If this is the soil, if these are the conditions that are perfect for nightshades- those cherry tomatoes that I bought that were 10 inches tall are now taller than I am. Then maybe I give in. Maybe that's why the last person grew so many nightshades because the night shades wanted to grow here.
One of the things that we get to know about ourselves is what we are likely to not continue to do. Intensives, we are 80% people. We do 80% of the work, and then we stop. Because we're bored, because it's not interesting anymore, because it's become routine. Now routines can be useful and comforting and soothing. And routines can help us do things that we really need to do. And also there's a limit to how much routine we can put ourselves through.
So early in the summer, I installed an irrigation system, one of those ones with lots of hosing and I spent, I don't know more money than I expected. Probably $150 on hoses and sprayers and figuring it all out. And it's not perfect. But it does work. It's on a timer, it makes everything wet twice a day. And that's important.
I knew that I wasn't going to keep watering every day even though I was extremely enamored of it in the beginning. And I knew I was going to feel terrible if I didn't. So I put in a watering system. And the places in the garden that are struggling the most, are the places where the watering system is not working the most.
We get to work not only with what the environment wants to do, but with what we want to do. What is easiest and most obvious to us. If you know, like you know that you know, that you only use a planner for about a month or two before you drop it, you have two choices, three choices.
You can decide not to use a planner. You can decide to use it and then drop it and possibly feel guilty for it or not. You can use it as a springboard. To use it to get set up to do something else to help you understand the shape of your year and then stop and allow that to be okay. Or you can decide you're going to start up a new planner every two or three months.

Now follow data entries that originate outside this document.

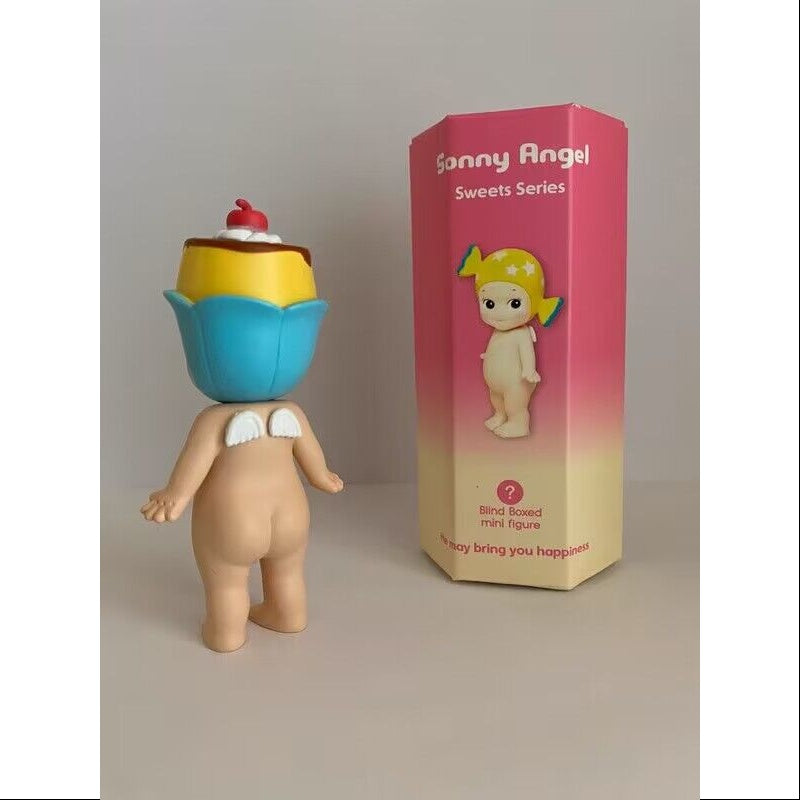Sonny Angel Sweets Series Pudding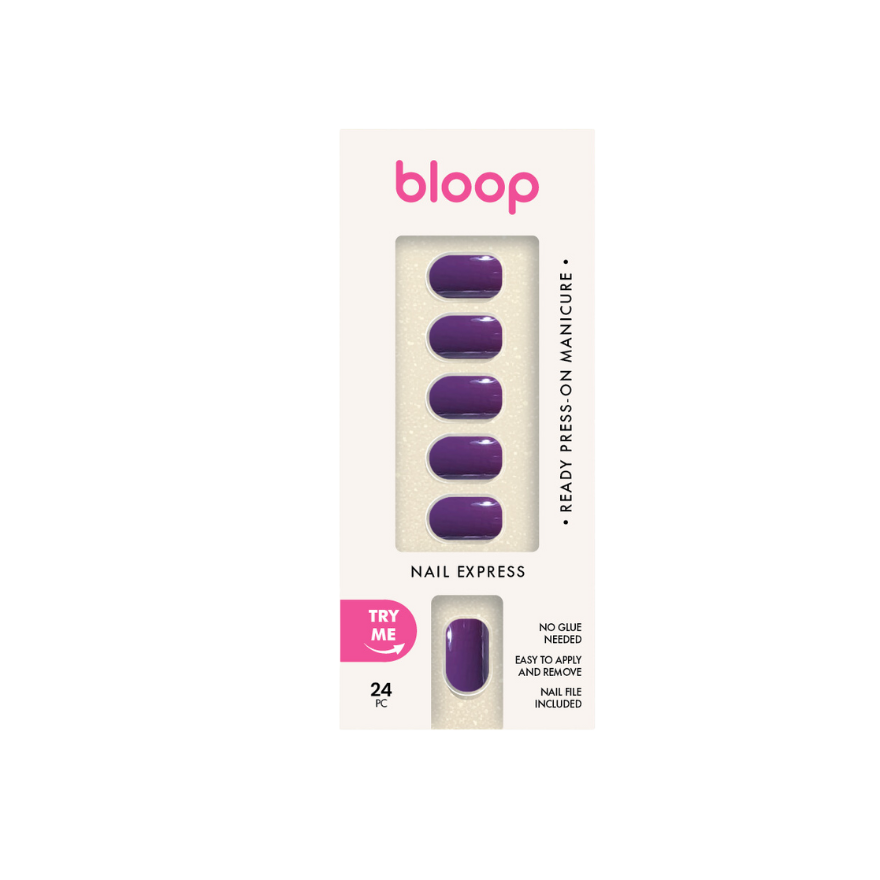 bloop make up made easy - Venta al por mayor Uñas a presión/postizas - ¡Clávalo! Uñas Postizas (Básico)16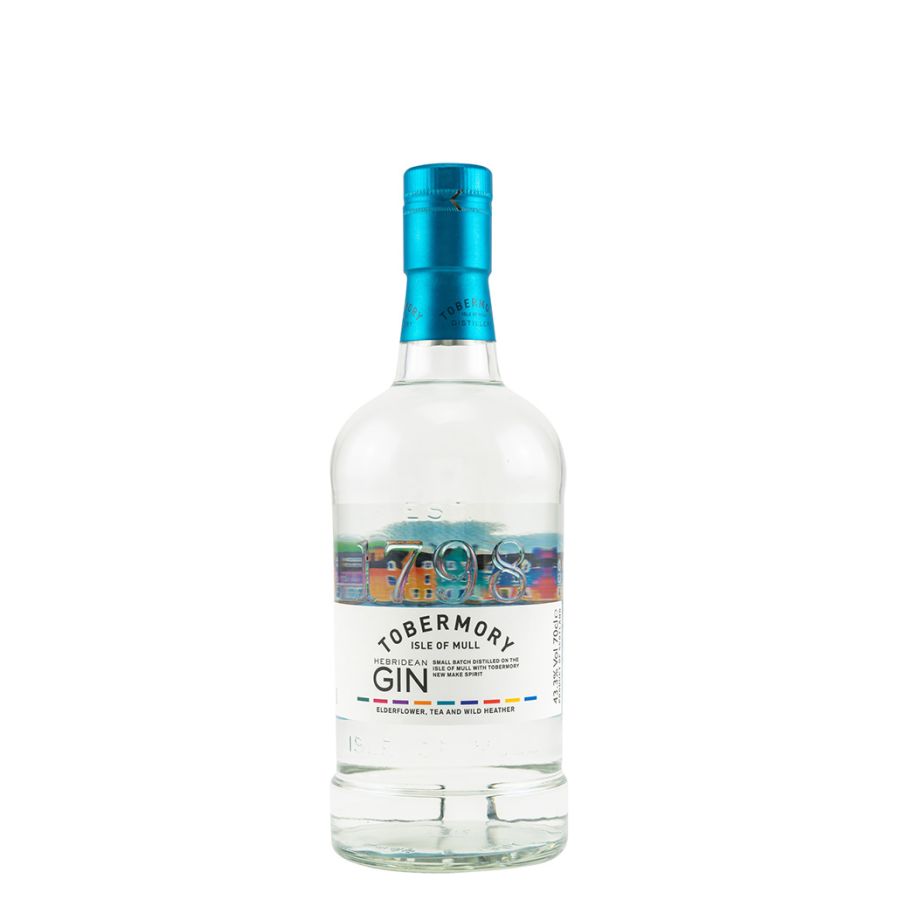 Tobermory Hebridean Gin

Just plan to buy four planners, buy four planners right away and decide which order you're going to use them in. Or buy four planners over the course of the year and allow what planners are available toward the end of the year to determine which planner you're going to use. Or close out with a bullet journal, which is always available. Work with yourself. Allow yourself to have the space you need. That's how we work best.
I didn't ask that yellow pear tomato to grow back there. I didn't think a tomato could thrive back there. I thought it would need lots of sun. There's not lots of sun back there. I thought it would need amended soil. It doesn't have amended soil. And it is by far the biggest plant in the yard.
Whatever it's having, I want everybody to have. Except that everybody needs different things. So what's thriving for you? What does it look like? What does it feel like? What is the garden telling you it wants to do? And how can you help it do that?
Thanks for tuning in.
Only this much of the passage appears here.